You have to provide  the software with some data obviously, that concerne PVT, reservoir pressure and temerature (GOR, Water cut, salinity etc) that way you can generate for each well an IPR (inflow performance relationship) which will give you the variation of your bottomm hole flowing pressure versus rate.

To generate the aforesaid IPR you'll have also to choose the model you would like to predict with, for instance "PI entry" will request you to enter the Productivity Index of your well (PI) in addition to the Reservoir pressure, temperature, GOR and water cut; an other useful model would be "Darcy" through its "enter skin by hand" menu you can enter the skin if you have it (from well test interpretation) or enter a value of 0 (optimistic) to generate the curve.

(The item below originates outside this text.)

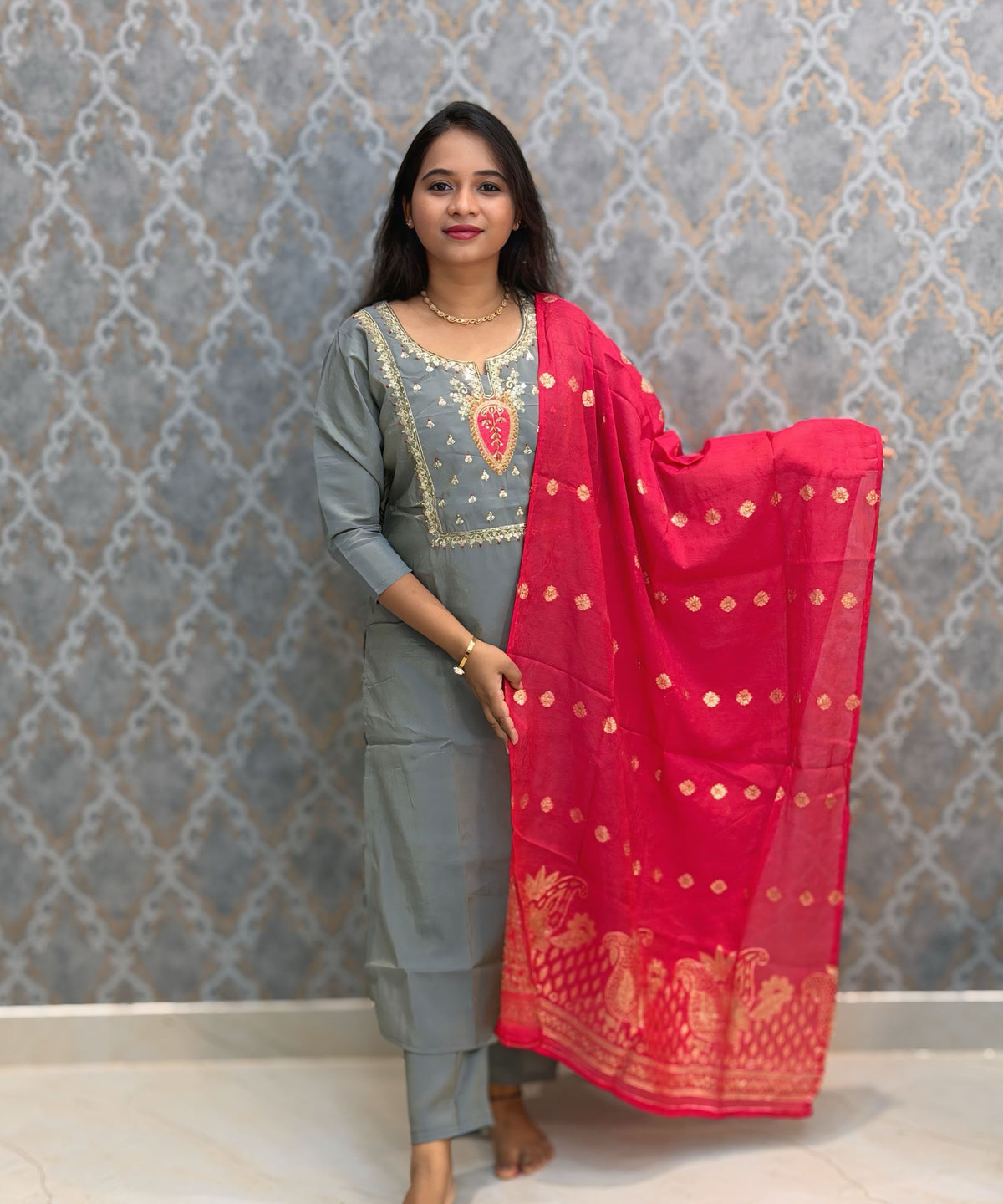 Gray and Pink Color Designer Ethnic Salwar Set / ESS424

the second step, would be to enter your completion caracteristics, well deviation, etc..under the menu "Equipement Data" that way you'l generate the lift curves or in other words, the flux equations through the tubing, called VLP (for vertical Lift Performance) under a Reservoir simulation model, they will be called VLC (C stands for Curve).
The VLP curves than, are generated entering the top node pressure (the well head) so the software can interpolate the points up to the Well Head..keep in mind that this method is called Nodal Analysis, that's why we use the words "top node2 etc.

Having the VLP ready, you'll have to plot the intersection between the 2 curves IPR/VLP, the intersection point will give you, your actual working parameters in terms of pressure and rate.

Doing this for all your wells, you'll get a good allocation.

Given also that you run some well test campaign (to assess the skin), some static pressure survey (to have a pressure profile in the well, and assess the contacts). dynamic surveys to compute the Productivity Indexes and separator tests to confirm what your well performance analysis is telling you. And doing it frequently!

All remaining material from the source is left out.